STUDIO: Sony | DIRECTOR: Jacques Audiard | CAST: Tahar Rahim, Niels Arestrup, Adel Bencherif, Hichem Yacoubi, Reda Kateb
RELEASE DATE: 8/3/2010 | PRICE: DVD $27.96, Blu-ray $38.96
BONUSES: commentary, deleted scenes, rehearsal footage, screen tests
SPECS: R | 155 min. | Foreign language drama | 1.85:1 widescreen | Dolby Digital 5.1 | English, Spanish and Portuguese subtitles
Honored with a slew of awards in Europe and Golden Globe and Academy Award nominations in the U.S., France’s Jacques Audiard’s A Prophet instantly joins Brute Force, Cool Hand Luke and Riot in Cell Block 11 in the pantheon of great prison films. Faithful to the tropes of the prison genre but still fresh in its depiction of contemporary issues and modern storytelling and filmmaking, it’s an engrossing saga about one man’s incarceration and the effects it has on his life and his will to adapt and survive in a hostile environment.

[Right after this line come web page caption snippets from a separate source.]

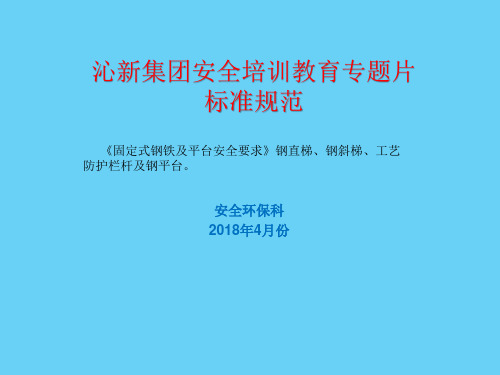 国家规范要求护栏 钢梯标准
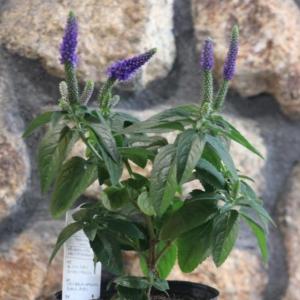 宿根草 ベロニカ 花の苗 の商品一覧 苗 花 ガーデニング 通販 Yahoo ショッピング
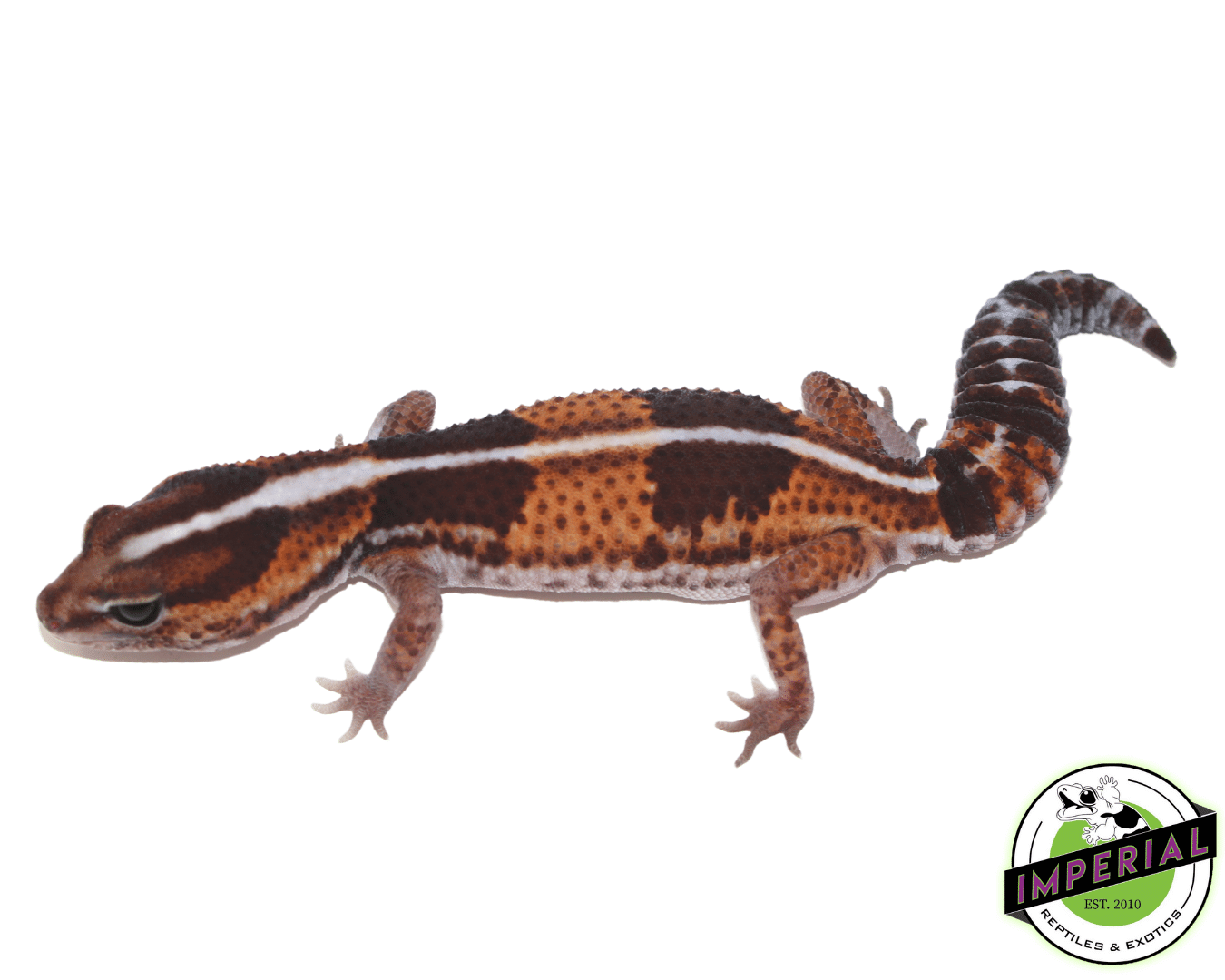 Striped Tangerine het Amel African Fat Tail Gecko Female — image 2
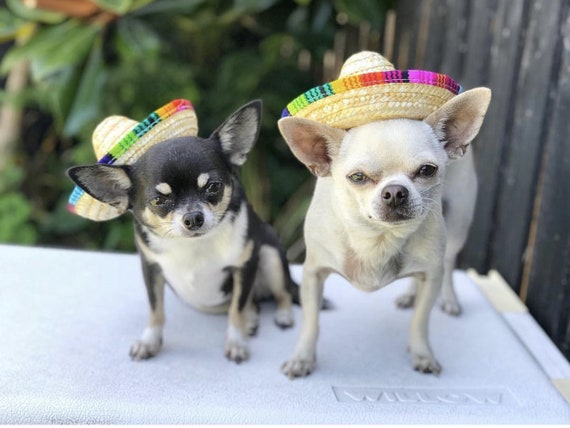 Mini Straw Sombrero Hüte Mexikanische Hüte Sombrero Party Hüte Hunde Sonnenhut für Hunde und Katzen Funny Dog Costume Kleine Haustiere Welpen Katze Wankd Dog Sombrero Hut 2PCS, Elastisch Mini Straw Sombrero Hüte Mexikanische Hüte Sombrero Party Hüte Hunde Sonnenhut für Hunde und Katzen Funny Dog Costume Kleine Haustiere Welpen Katze Wankd Dog Sombrero Hut 2PCS, Elastisch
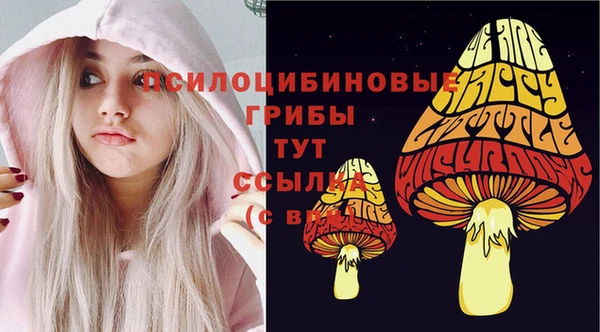 стафф Дмитриев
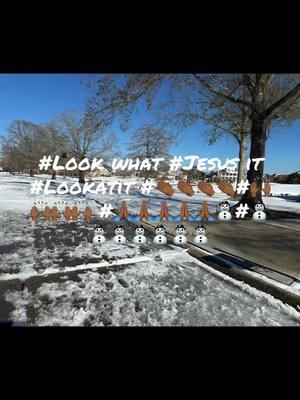 #lookwhatjesusdid #lookatit #Jesus #godisgood #godissoamazing #Godit #jesusdidit #whitesnow #downsouthsnowday2025 #itsasnowday #southernsnow #winterwonderland #itssnowing #letitsnow #letitsnow❄️ #letitsnowletitsnow #ElRoi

In its opening minutes, A Prophet puts us in the shoes of Malik (Tahar Rahim), an illiterate 19-year-old Arab man who’s beginning a six-year sentence in a French prison. Though he wants to serve his time quietly and without any trouble (something I imagine all new inmates would like to do), Malik is quickly coerced into murdering a fellow Arab by imprisoned mobster César Luciani (Niels Arestrup), the head of the Corsican inmate population. Soon discovering that he is disliked by the Corsicans and now not trusted by his fellow Muslims, Malik has no choice but to play up to César, who begins to give his young Arab follower more missions, which include additional murders and supplemental drug trafficking. Over the course of his six-year sentence, Malik earns César’s confidence and rises up through the prison ranks, all while secretly devising his own future for when he’s released.
As much a comment on the issues surrounding immigrants in a foreign land and how said immigrants adapt to their new world, this film is at once gritty, violent, intelligent and complex, not to mention outstandingly scripted and acted.

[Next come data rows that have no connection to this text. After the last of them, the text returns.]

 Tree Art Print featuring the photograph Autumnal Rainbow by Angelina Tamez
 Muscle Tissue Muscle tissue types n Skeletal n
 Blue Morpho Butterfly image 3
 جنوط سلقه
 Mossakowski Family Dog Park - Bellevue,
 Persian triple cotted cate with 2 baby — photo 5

This is where I would usually point out that this kind of movie is not for everyone, but not in this case. I actually think it’s worth a look-see for anyone interested in the genre or game to try a foreign-language movie that sets out to tell a rich, full story of one man’s attempt to hold on to — or at least, regain — his life and dignity when the odds are against him. And I don’t think I’m ruining anything by saying it’s a successful attempt.
The DVD comes packed with extras too, which is always good.